Os juízes continuaram a discutir sobre quais liberdades eram consideradas fundamentais. O teste mais restrito, favorecido por juízes mais conservadores, limitou os direitos fundamentais apenas àqueles que estavam claramente declarados no texto da Constituição ou que teriam sido considerados essenciais na altura em que a Décima Quarta Emenda foi adoptada em 1868. A abordagem mais abrangente adoptada em Roe e noutros casos centra-se mais nas avaliações contemporâneas das profundas consequências humanas. Outra abordagem, proposta em casos como Lawrence v. Texas, apela à evolução da compreensão da liberdade pessoal essencial, conforme evidenciado pelo consenso popular.

Embora Roe permanecesse controverso nos círculos da teoria jurídica, em parte devido à sua compreensão mais ampla dos direitos fundamentais e à surpreendente especificidade do seu quadro trimestral para a revisão das leis sobre o aborto, foi mantida no caso Planned Parenthood v. Casey, de 1992, uma opinião partilhada que parecia para confirmar a compreensão do devido processo material que se desenvolveu junto com os valores do povo. Uma série de casos marcantes ao longo do quarto de século seguinte pareceu consolidar este entendimento. Em particular, o tribunal alargou o mesmo princípio da privacidade para proteger os direitos dos homossexuais à intimidade e ao casamento, com base no reconhecimento de uma “consciência emergente” do seu direito igual à dignidade de formas profundamente importantes, apesar da falta de protecção histórica para aqueles direitos.

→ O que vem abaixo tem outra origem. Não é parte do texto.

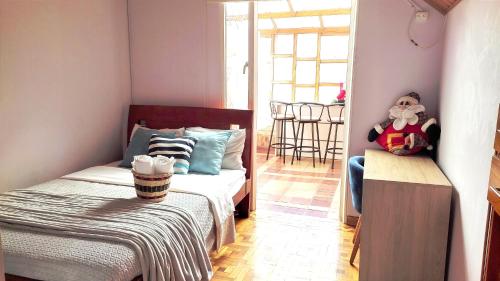 a bedroom with a bed and a table with a stuffed animal at GUAYACÁN Apartamento duplex en centro histórico de Tunja con 2 terrazas in Tunja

Foi neste contexto que Dobbs mudou abruptamente de rumo. Embora o Tribunal não tenha rejeitado completamente o conceito de devido processo legal substantivo, rejeitou qualquer base para o reconhecimento de “direitos fundamentais” que não esteja no texto da Constituição ou em tradições históricas profundamente enraizadas. Como o direito ao aborto não está no texto e os redatores da Décima Quarta Emenda de 1868 não viam o aborto como uma liberdade fundamental, o tribunal considerou que não havia base para um respeito constitucional especial pelo direito de escolha da mulher. Em vez disso, a maioria considerou que o direito de tomar decisões relativas à gravidez é uma liberdade ordinária do mesmo nível que as decisões ordinárias relativas ao estilo de vida, comércio ou recreação, sujeita à livre regulamentação, desde que o governo aja racionalmente.